I find it surprising, in a period when bisphosphonate-associated osteonecrosis (BON) is such a "hot" subject, that JADA’s reviewers did not properly vet the October article by Dr. Michael Siegel and colleagues, "Exposed Bone in the Palate" (
Siegel MA, Migliorati CA, Velez I, Forrest M. JADA 2007;138[10]:1341–3[Free Full Text]
), before publishing it.
It is a well-known fact that the mucosa covering palatal and lingual tori is very thin and fragile when subjected to trauma. The mucosa and its thin layer of periosteum is the main source of the blood supply to these large, dense, cortical, compact bone tori. When this blood supply is lost as a result of trauma (hard foods) during mastication, it causes an ulceration. The exposed bone, over time, will slough in a superficial fashion. When it does, granulation tissue has formed to re-establish the blood supply by secondary intention beneath this slough of bone. Unless the new tissue is protected from the trauma of eating and deglutition by a prosthetic appliance, the process just continues over and over.

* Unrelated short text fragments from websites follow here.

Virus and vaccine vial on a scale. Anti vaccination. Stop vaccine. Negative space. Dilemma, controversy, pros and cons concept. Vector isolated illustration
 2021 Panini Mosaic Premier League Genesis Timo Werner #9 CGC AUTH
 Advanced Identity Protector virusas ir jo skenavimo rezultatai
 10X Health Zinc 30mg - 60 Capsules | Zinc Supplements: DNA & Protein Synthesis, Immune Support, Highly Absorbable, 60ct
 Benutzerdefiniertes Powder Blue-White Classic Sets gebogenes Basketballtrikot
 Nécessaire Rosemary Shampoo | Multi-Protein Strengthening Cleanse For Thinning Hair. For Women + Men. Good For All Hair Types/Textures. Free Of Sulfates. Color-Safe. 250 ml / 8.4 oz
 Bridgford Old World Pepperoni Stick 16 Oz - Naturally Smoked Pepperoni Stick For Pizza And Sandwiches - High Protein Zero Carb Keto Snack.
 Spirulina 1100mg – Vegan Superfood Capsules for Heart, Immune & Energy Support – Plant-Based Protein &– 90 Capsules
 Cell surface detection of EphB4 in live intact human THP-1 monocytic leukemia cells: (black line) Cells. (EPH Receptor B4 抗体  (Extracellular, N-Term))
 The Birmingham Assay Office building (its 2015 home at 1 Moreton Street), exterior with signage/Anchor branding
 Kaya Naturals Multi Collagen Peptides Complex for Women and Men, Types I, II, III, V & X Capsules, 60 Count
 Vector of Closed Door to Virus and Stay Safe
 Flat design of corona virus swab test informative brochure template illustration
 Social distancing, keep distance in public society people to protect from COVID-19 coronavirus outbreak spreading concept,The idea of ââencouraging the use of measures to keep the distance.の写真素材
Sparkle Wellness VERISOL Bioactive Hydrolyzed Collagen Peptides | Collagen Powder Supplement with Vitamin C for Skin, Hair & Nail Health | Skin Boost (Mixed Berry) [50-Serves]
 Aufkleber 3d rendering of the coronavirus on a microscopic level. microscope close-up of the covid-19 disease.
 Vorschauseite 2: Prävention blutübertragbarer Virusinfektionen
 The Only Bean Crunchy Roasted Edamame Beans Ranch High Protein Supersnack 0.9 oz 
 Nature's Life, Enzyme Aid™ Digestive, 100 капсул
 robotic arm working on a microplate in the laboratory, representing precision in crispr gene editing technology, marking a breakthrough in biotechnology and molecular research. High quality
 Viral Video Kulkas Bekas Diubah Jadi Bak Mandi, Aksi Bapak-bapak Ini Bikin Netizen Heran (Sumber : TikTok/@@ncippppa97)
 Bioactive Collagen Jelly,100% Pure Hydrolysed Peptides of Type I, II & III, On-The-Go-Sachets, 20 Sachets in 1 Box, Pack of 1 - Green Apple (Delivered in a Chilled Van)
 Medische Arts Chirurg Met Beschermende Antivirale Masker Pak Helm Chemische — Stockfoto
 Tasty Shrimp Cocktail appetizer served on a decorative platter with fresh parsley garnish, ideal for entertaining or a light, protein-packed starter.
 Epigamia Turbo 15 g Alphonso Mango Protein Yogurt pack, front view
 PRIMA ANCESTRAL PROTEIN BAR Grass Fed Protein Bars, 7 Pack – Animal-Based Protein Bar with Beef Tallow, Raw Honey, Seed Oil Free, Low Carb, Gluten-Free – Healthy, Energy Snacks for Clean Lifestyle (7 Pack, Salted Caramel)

In my 44 years of private oral and maxillofacial surgery clinical practice, I have seen this at least three to four times each year. I have successfully treated all of these cases without antibiotics in young and old patients, with total healing in four to six weeks, by prosthetic protection of the ulcer. Some of my patients had chronic ulcers for two to four months before being referred to me.
In older patients, compliance with instructions is difficult; hence, the ulceration becomes chronic. Keep in mind that the vast bulk of my cases, identical to these cases to which I refer, took place in the era prior to bisphosphonate therapy. Just because the patient was on a bisphosphonate does not automatically mean that this is BON.